What to Expect After Bitcoin’s Recent Bounce: Arthur Hayes

Bitcoin’s weekly rally above $20,000 does not necessarily mean a return of the bull market, according to BitMEX founder Arthur Hayes’ latest analysis.

The former CEO recently outlined a few potential scenarios that will trigger Bitcoin’s next big move – which mostly boils down to how the Fed will act in the short term.

Bitcoin bounce analysis

in average mail Heading “Jumping Castle,” published Thursday, Hayes begins with two theories about what’s really driving bitcoin’s pump from its lows.

The first is that this is a natural bounce from its local low below $16,000 – in which case Bitcoin may continue to trade sideways “until USD liquidity conditions improve”.

Instead, the rally was kicked off by the latest consumer price index report from the Bureau of Labor Statistics, which showed that annual inflation fell to 6.5% in December.
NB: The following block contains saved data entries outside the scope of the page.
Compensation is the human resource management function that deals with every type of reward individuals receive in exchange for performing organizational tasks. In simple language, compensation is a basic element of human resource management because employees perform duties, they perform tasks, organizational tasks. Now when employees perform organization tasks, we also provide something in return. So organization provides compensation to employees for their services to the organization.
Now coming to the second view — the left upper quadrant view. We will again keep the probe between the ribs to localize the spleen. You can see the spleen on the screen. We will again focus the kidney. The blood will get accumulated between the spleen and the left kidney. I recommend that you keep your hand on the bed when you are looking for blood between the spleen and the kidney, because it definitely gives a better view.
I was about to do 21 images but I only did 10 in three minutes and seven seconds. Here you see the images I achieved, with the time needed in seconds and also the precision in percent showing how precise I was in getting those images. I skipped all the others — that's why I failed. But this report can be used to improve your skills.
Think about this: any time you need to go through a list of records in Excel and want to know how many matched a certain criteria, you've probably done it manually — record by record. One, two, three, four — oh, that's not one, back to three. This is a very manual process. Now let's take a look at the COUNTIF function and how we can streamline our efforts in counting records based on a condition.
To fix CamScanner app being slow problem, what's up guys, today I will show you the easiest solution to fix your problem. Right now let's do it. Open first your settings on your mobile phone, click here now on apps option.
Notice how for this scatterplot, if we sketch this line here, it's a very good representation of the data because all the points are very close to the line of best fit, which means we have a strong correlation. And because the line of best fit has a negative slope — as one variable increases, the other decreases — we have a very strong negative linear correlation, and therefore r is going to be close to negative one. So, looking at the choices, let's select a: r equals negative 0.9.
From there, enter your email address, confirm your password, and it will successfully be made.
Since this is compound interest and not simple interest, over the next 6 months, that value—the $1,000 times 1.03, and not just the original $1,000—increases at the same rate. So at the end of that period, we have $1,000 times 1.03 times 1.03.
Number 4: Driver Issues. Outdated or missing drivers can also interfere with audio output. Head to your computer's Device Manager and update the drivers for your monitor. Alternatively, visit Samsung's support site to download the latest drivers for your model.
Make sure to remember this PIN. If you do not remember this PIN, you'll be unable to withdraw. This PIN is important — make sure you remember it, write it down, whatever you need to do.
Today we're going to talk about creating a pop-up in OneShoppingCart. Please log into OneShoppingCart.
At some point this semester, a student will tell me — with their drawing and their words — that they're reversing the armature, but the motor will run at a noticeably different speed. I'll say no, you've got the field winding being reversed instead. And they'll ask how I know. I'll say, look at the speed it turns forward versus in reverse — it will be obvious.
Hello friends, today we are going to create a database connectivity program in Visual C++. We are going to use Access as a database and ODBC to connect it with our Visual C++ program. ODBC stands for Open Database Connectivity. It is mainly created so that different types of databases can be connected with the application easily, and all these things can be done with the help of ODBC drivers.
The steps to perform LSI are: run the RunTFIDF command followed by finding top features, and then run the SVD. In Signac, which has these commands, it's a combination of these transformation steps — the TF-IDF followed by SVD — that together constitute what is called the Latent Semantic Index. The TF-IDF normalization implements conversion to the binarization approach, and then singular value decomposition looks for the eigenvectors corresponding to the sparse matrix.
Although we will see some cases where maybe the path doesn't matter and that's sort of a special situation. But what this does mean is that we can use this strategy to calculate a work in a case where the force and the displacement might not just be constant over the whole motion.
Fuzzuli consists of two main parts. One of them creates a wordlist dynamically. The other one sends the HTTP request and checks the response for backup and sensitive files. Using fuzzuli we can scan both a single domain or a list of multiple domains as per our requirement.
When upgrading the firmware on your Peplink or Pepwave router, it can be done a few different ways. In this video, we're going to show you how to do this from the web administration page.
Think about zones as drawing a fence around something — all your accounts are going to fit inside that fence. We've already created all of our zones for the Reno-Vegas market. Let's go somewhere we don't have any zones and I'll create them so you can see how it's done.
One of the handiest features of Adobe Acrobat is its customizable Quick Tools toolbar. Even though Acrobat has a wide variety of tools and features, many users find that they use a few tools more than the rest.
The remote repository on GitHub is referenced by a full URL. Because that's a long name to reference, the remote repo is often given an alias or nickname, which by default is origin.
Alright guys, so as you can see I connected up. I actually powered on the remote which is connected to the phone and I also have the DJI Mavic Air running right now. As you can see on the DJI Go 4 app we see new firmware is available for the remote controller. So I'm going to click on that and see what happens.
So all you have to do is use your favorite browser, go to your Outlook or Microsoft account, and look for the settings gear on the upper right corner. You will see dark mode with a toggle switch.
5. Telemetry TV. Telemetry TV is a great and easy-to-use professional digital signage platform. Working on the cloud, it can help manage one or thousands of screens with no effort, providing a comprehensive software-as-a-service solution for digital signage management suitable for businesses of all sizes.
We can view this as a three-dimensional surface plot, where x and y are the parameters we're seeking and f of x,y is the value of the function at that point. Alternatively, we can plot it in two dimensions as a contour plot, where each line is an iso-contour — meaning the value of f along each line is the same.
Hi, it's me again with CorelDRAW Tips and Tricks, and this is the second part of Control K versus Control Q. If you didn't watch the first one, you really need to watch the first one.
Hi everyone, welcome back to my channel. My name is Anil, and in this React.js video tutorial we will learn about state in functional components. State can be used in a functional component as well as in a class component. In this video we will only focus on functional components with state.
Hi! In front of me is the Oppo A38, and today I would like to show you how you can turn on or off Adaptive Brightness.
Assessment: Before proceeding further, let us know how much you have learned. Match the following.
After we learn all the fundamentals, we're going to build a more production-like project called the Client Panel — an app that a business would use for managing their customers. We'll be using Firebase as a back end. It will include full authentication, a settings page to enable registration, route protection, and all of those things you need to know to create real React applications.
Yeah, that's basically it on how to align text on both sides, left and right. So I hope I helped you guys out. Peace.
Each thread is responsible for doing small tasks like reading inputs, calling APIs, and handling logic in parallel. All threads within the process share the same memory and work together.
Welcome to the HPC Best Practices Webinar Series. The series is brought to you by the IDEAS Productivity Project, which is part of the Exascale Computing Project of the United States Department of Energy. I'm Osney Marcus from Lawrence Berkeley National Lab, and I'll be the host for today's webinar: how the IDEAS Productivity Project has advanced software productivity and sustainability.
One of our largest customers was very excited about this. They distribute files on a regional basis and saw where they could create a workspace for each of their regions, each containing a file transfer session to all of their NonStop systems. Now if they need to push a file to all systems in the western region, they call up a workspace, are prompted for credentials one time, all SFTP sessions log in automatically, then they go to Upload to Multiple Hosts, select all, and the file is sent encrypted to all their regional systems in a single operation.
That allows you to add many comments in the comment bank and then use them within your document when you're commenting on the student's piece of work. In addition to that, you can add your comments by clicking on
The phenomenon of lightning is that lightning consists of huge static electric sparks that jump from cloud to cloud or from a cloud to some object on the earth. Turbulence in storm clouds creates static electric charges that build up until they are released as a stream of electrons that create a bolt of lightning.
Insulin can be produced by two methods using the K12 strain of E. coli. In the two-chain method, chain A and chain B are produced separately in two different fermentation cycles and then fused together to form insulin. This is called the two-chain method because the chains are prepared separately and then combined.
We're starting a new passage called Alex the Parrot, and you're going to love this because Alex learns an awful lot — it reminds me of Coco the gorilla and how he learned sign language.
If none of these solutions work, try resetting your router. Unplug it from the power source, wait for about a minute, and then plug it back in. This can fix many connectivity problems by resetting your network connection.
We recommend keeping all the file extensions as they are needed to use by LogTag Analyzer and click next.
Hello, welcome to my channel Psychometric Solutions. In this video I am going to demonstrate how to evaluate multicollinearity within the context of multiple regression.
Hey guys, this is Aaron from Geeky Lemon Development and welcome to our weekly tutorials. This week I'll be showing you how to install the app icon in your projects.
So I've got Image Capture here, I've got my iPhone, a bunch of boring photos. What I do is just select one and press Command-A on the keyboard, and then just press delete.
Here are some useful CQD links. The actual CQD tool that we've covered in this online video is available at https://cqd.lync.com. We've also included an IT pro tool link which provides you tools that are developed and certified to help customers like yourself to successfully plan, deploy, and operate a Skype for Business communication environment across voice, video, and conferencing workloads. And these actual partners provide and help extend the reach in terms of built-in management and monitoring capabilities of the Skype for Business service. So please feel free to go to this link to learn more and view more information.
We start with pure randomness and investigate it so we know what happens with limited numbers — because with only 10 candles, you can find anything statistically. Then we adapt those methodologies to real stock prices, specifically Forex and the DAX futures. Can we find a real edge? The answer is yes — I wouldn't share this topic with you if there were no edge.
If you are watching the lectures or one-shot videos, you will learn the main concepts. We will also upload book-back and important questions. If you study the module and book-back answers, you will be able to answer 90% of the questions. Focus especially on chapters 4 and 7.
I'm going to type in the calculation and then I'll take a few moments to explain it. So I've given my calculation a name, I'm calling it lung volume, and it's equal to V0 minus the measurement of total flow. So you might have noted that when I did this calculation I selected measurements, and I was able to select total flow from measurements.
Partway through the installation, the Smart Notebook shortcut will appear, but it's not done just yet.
According to Hayes, the market may interpret the number as a sign that the Fed will soon “deviate” from its hawkish monetary policy.

Thus, market participants can rush into buying cryptocurrencies while they are cheap, before the central bank opens its liquidity gates. In this case, the market will either return to its previous lows if the Fed does not budge (scenario 2a), or continue to rise if the central bank does indeed reverse course (scenario 2b).

“Obviously we all want to believe we’re heading for scenario 2b,” Hayes wrote. “Having said that, I think we’re really going to run into a combination of scenario 1 and 2a – which makes the itchy trigger finger of ‘buy’ waver a bit.”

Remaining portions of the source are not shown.